IŞİD’i Türkiye’nin iç sorunu yapma çabaları

Bölgede bir IŞİD gerçekliği var, ama daha da ötesi müthiş bir “IŞİD'leştirme” gerçekliği bulunmaktadır. Bu yönüyle IŞİD, adeta şimşekleri üzerine çeken paratoner işlevi görmekte, yöneldiği ya da yöneltildiği her alana adeta yıldırım düşmektedir. - image001 1

IŞİD bahanesiyle Ortadoğu ve Akdeniz, bir yandan asker ve cephane yığınağı haline getirilirken diğer yandan da uçaklar için hangar alanına çevrilmiş durumdadır.

Bölgede bir IŞİD gerçekliği var, ama daha da ötesi müthiş bir “IŞİD’leştirme” gerçekliği bulunmaktadır.
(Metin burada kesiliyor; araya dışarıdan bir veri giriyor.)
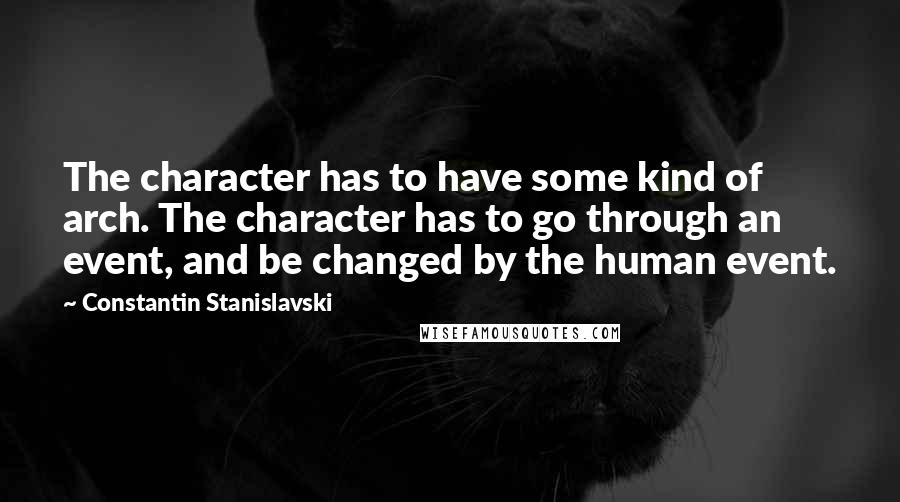 Constantin Stanislavski Quotes: The character has to have some kind of arch. The character has to go through an event, and be changed by the human event.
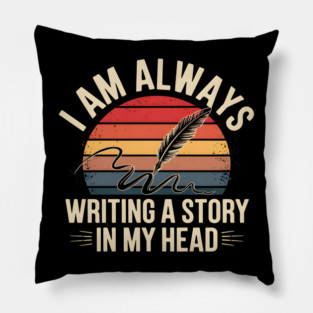 I Am Always Writing a Story in My Head – Writer Quote Pillow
Bu yönüyle IŞİD, adeta şimşekleri üzerine çeken paratoner işlevi görmekte, yöneldiği ya da yöneltildiği her alana adeta yıldırım düşmektedir.

Nasıl çıktığı belli olsa da, nasıl bu denli geliştiği hala tartışma konusu olan IŞİD, bölgesel istikrarsızlığı esas alan güçler için adeta nimet vazifesi icra etmektedir. Güç odakları, kimilerine IŞİD’e katkı sunma iddiası üzerinden müdahale ederken, kimilerine de IŞİD’le mücadeleye yeterli desteği vermediği iddialarıyla bir şekilde müdahalede bulunmaktadır.

Türkiye’de bir dizi bombalı eylemin son halkası İstanbul Sultanahmet’te icra edildi. Hemen akabinde “IŞİD’le mücadele kararlılığı” vurguları havada uçuşurken, temelde Irak-Suriye merkezli olan IŞİD, giderek Türkiye’nin de ciddi sorunlarından birisine dönüştüğünü herhalde fark ediyorsunuzdur.

İyi de bu duruma nasıl gelindi? Bu sorun neden Türkiye’nin de öncelikli sorunları arasına sığdırıldı?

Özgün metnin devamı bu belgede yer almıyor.